As we move through these days of Lent, may we all remember and be reminded that in Christ we find that hope is not possible to find on our own. In him, our souls find their rest.
Wednesday, February 6, 2008
We place ashes on our heads this day as an indication of these same emotions. We confess our sins, we acknowledge our guilt, we admit that we fail to live the lives God would have us live.
God's hope for us is that we would live in harmony with those around us. God's hope for us is that we would understand ourselves as brothers and sisters, united in our struggles. God's intention is that we should think of others before thinking of ourselves. We have not realized this hope. We must confess our shortcomings.
God's intention is that we would care for the least among us. God's instructions are for us to give to the poor, and pray for those who would harm us. This is not the way we talk. This is not the way we act. There is a need to admit our guilt.
Our loving Father welcomes us as children, asking that we live under the wing of His gentle care. We rebel, refusing to listen to Him. With contrite hears we make our way back to him.

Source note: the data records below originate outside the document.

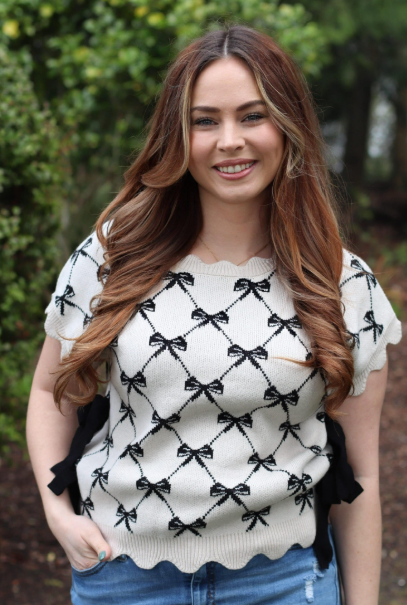 Cream and black bow patterned knit top
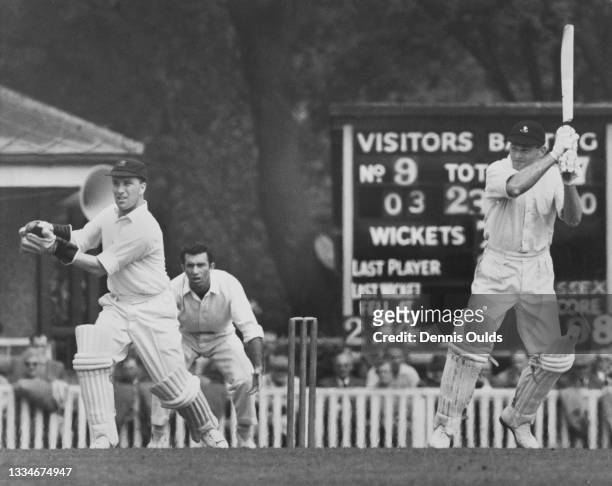 Brian Taylor , wicketkeeper and team captain for Essex looks on as Jonathan Fellows-Smith of South Africa, right-handed batsman and right-arm medium...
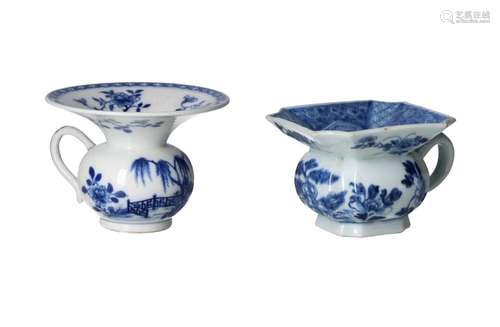 Lot of two blue and white porcelain spittoons, decorated wit...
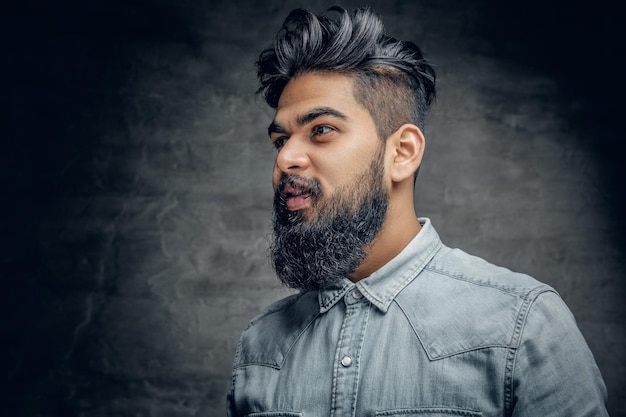 Photo a handsome bearded indian male dressed in a fleece shirt over grey vignette background.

The practice of placing ashes on our heads is a symbol of our desire to be made clean. Most of us have never made soap. We might not realize that soap can be made out of ashes. Interesting how something so messy can become an agent of cleansing. This practice reminds us of this. It is a desire that our dirtiness might be transformed into a thing of purity.
Tuesday, February 5, 2008
On this day, the last day of light-hearted activity, we eat up the leaven in our homes (no cakes during Lent) and we exhaust our desire to laugh (feast of fools.) On this day, we make the change and transition in our lives which will allow us to devote increased attention to our identity as disciples.
It is helpful to establish a Lenten discipline. Helpful, not required. Helpful in that having an additional routine reminds us of the season and the events toward which our liturgical calendar is moving us. Not required in that Christ has paid the price for us and we must never allow ourselves to think that we are earning merits by way of our sacrifice.

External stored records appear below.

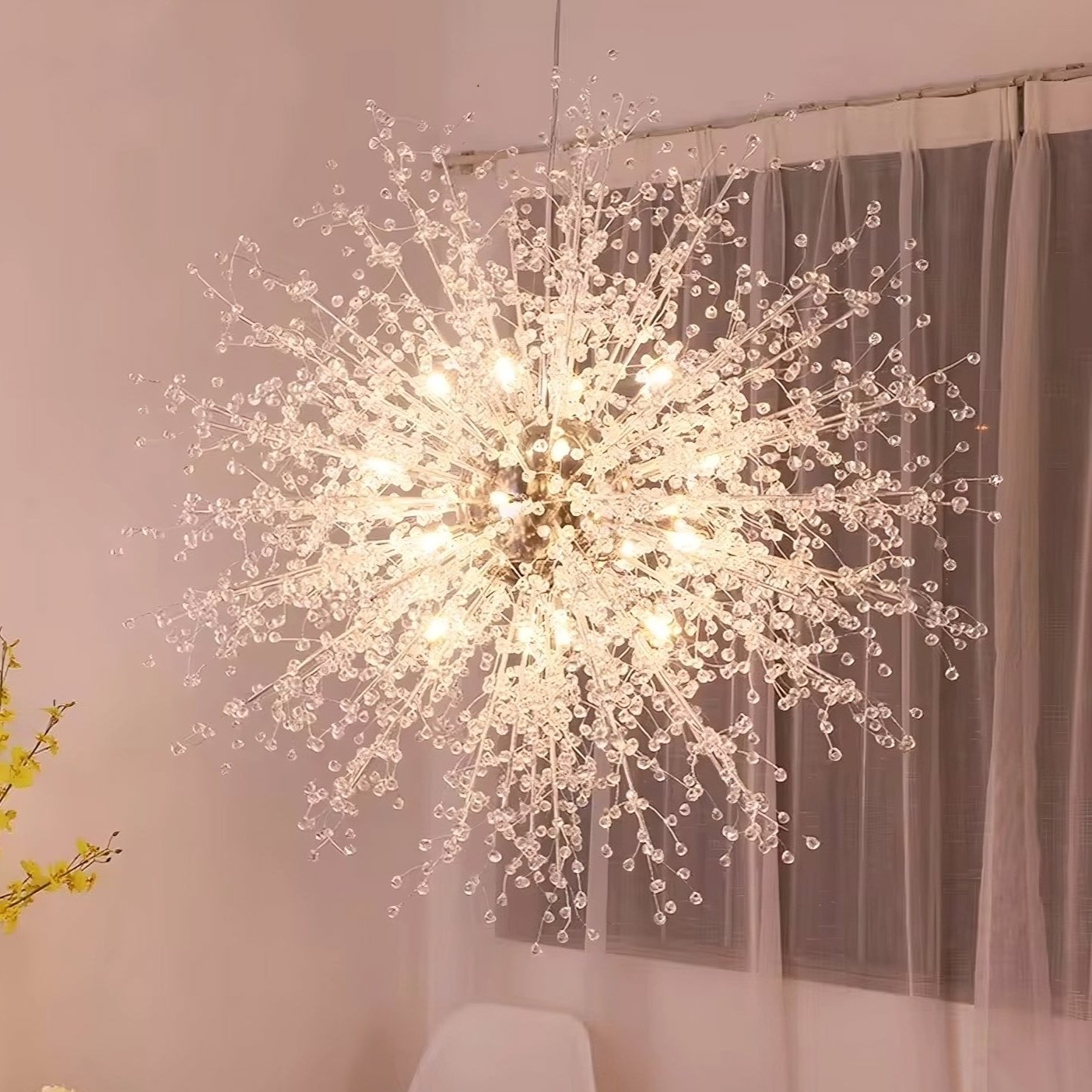 An Astra 35" Spark Ball Pendant Lighting Fixture from Morsale.com, resembling a burst of fireworks, hangs in a room with light pink walls. Below it, a vase with yellow flowers is placed on a white table that also has some other flowers. A white chair is positioned next to the table by a window with sheer curtains, illuminated by 3W G4 LED bulbs.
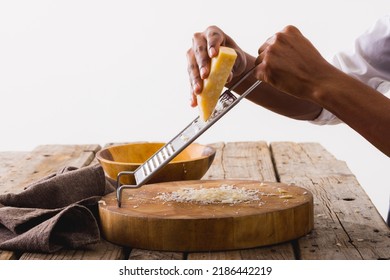 Cropped hands of african american chef grating cheese at table against white background, copy space. unaltered, food, preparation, studio shot and dairy product. - Powered by Shutterstock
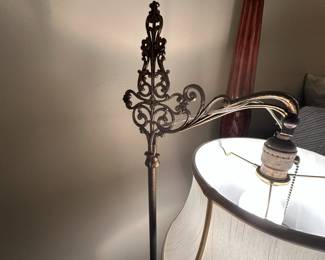 Antique floor lamp with ornate metalwork.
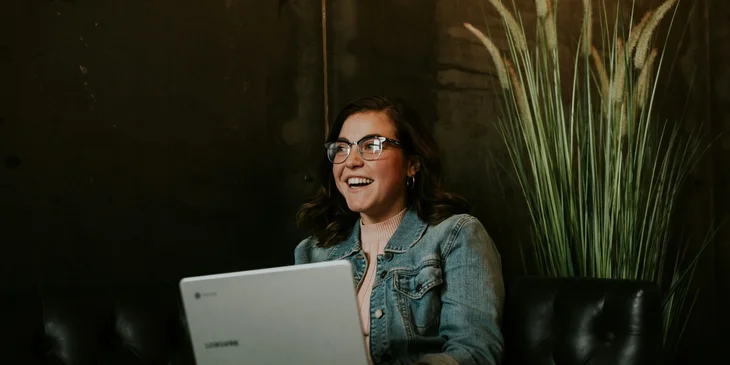A woman smiling while working on her laptop.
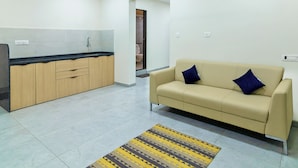 A modern living room with a beige sofa and a patterned rug, a kitchen with wooden cabinets and a black countertop, and a doorway leading to a bathroom. - Tribe Moro Balewadi  (Paud)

The best discipline is to increase our time for reading scripture. The discipline most likely to enhance our Easter is a deeper knowledge of the texts which share Easter's affect on the world.
However it is that you will mark these days, mark them well. Preparation will make the celebration more than an observance. Preparation will allow Easter to come alive in our hearts as well as on our calendars.
Monday, February 4, 2008
We are experiencing that now. Yesterday's observance of Transfiguration Sunday means that Lent is just around the corner. The events are about to get serious as we are making our way to Jerusalem and the events which will unfold there. Christmas isn't that far behind, on our calendars, but it is fading fast in our liturgical life.

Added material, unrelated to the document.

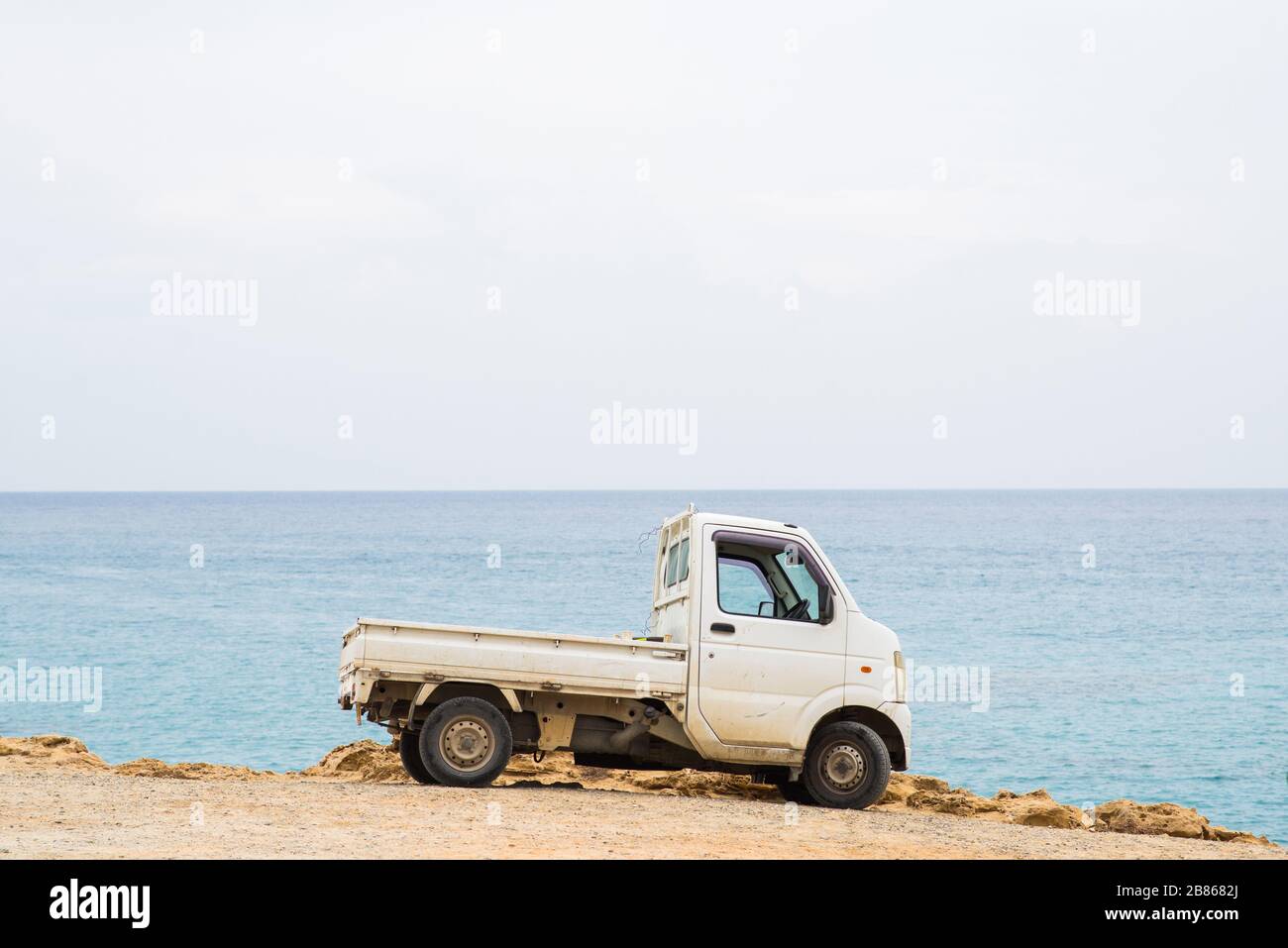 Protaras. Cyprus - October 9, 2018: White Truck in Protaras on Cyprus. Sea on Background. Stock Photo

I wonder if the desire to know more of Jesus' childhood may arise from a mistaken confusion of him as some sort of a hero. Part of the process of lifting someone up as a hero involves looking at the events of their past to see what it is that made them great. We want to identify the things which contributed to their being strong and courageous. If we mistake Jesus for a hero, we might try to do the same with his life - look for that which made him turn out as he did.
But Jesus is no hero - he is Messiah. What makes him great are not the events of his childhood. What makes him great is God's anointing of him. He is who he is because of how it is that God sees him. He is who he is as a result of his relationship with God.
The same can be said for us. Regardless of the events of our past, no matter what opportunities might have been denied us, we are who we are as a result of the way God sees us. Who we are is determined by our relationship with God.
We spend so much time looking for "heroes." What we ought to be doing is living our lives in appreciation for the new name given to us by our God.